July 22, 2018 The Rev. Larry Harris



            God is Good.


            With this title,


            a man from West Africa named George Browne,


            one of my seminary classmates for a time,


            began a sermon on the 23rd Psalm.


            Liberia, the country where George Browne had become the Bishop,


            was in the midst of a horrible civil war.


            You will recall, said the Bishop,


            that on the first Sunday in May,


            I asked all of our people to pray,


             not to say, but to pray,


            the 23rd Psalm.






            And prayerfully.


            At least three times a day.


            In the morning.


            During midday.


            And before going to bed.


            I asked that you do this for seven days.


            Almost all of us did.


            And I have received reports of good results in strengthening your faith.


            Browne’s sermon included a story about the 23rd Psalm


            That’s been around for awhile.


            Some of you may know it.


            An old man and a young man


            were on the same platform


            to speak before a large audience.


            As a part of the programme,


            each was to repeat from memory the 23rd Psalm.


            The young man, well-trained in speech and drama,


            repeated the words


            in the language of a dramatic silver-tongued orator:


            "The Lord is my Shepherd…"


            When he had finished,


            the audience clapped and cheered.


            Many rose to their feet with applause.


            Then the older gentleman,


            leaning heavily on a walking stick,


            stepped to the front of the same platform.


            In a feeble, shaking voice, he repeated the same words –


            "The Lord is my Shepherd…"


            When he was seated, there was silence.


            No sound.


            No applause. 


            The silence suggested a mood of reflection, and deep respect. 


            After a minute or so the younger man who had spoken earlier


            rose to speak again.


            "Friends," he said,


            “when I spoke, you filled the air with applause.

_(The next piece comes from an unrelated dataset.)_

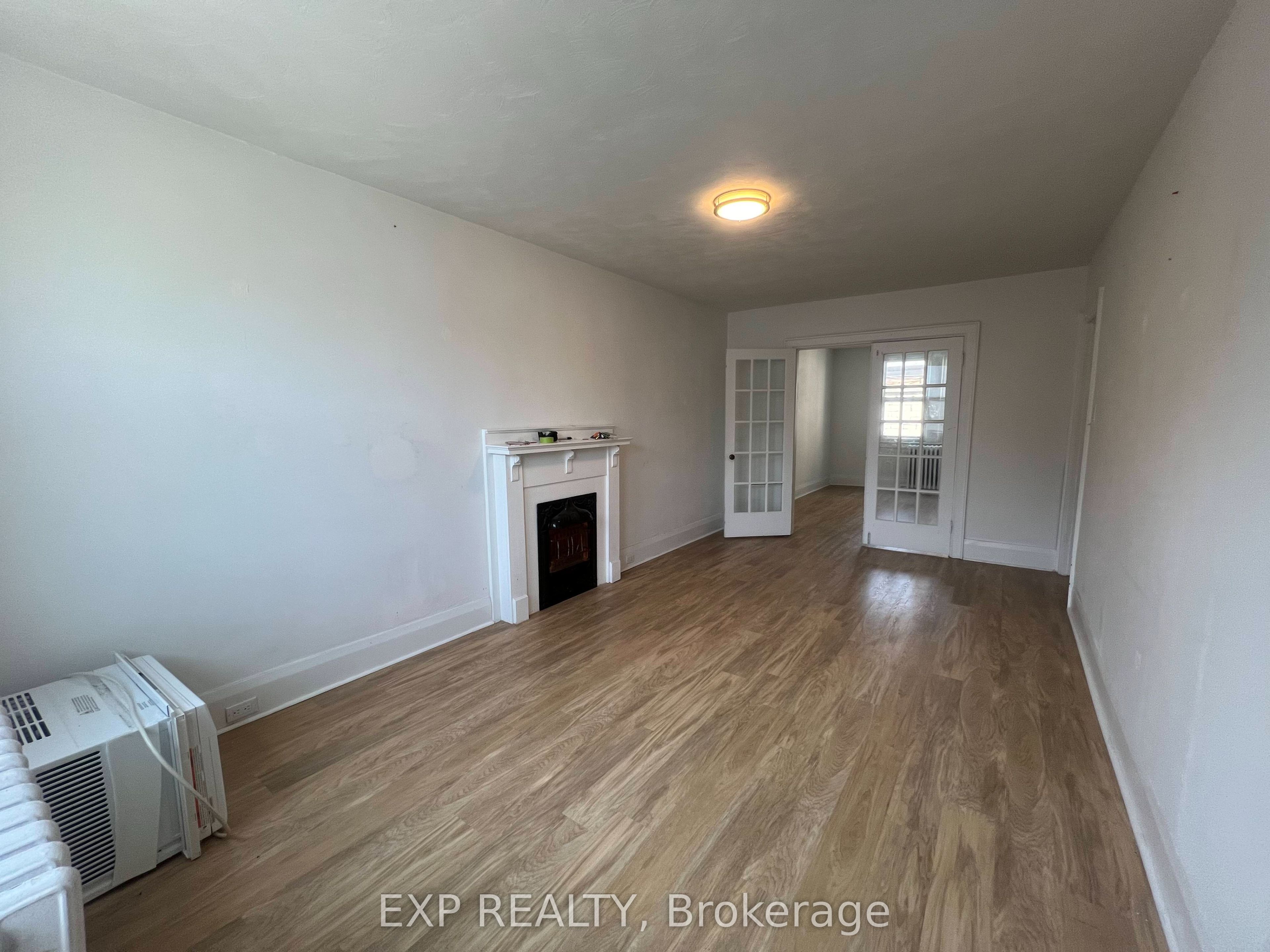 102 Greensides Avenue 6, Toronto, ON M6C 1B9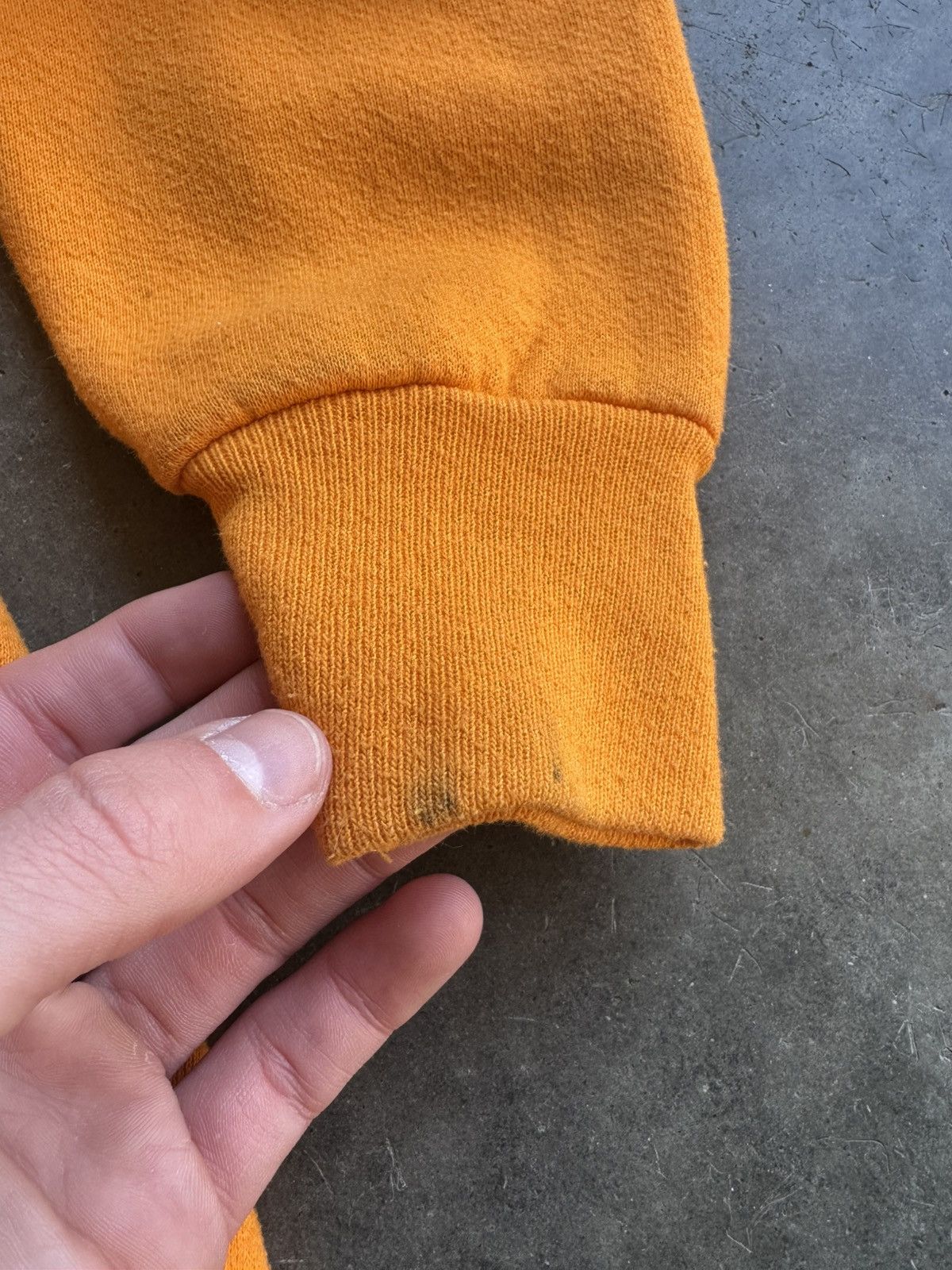 Nutmeg 90s Tennessee Volunteers Spelled Out Nutmeg Crewneck Size US L / EU 52-54 / 3 - 8 Thumbnail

            Now, following my friend’s words,


            you have been silent.


            I – think – I – know – why. 


            You cheered, because I know the Psalm.


            What this man knows is the Shepherd.


            And the Shepherd-God he knows is Good.”



            The abiding presence and goodness of God


            are expressed poetically


            in the 23rd Psalm.


            The metaphor of the shepherd,


            in today’s gospel as well as the 23rd Psalm,


            together with the Psalm’s other images:


            a lush and fertile pasture,


            water flowing steadily and quietly,


            a well-trodden walkway,


            the steadying assurance of a cane – or walking stick,


            a festive dinner-table, and a place reserved to honor YOU,


            the gentle soothing of cleansing oil,


            a thirst-quenching cup,


            the sense of divine presence and holiness in a house of worship:


            each of these an image of support and affirmation;


            and together, conveying warmth, safe-keeping, and abiding care. 


            God is good – good indeed!



            Another a passage of scripture,


            this one from the heart of the New Testament,


            uses the language of prose


            to declare the same theme:


             the eighth chapter of Paul’s Letter to the Romans.


            A single verse from that chapter, verse 31:


            If God be for us, who can be against us?


            A wonderful member of the clergy


            writes about how he was embarrassed


            about the conditions of the grounds


            around his church.


            The appearance, he wrote, suggested the appearance of a neglected ball park.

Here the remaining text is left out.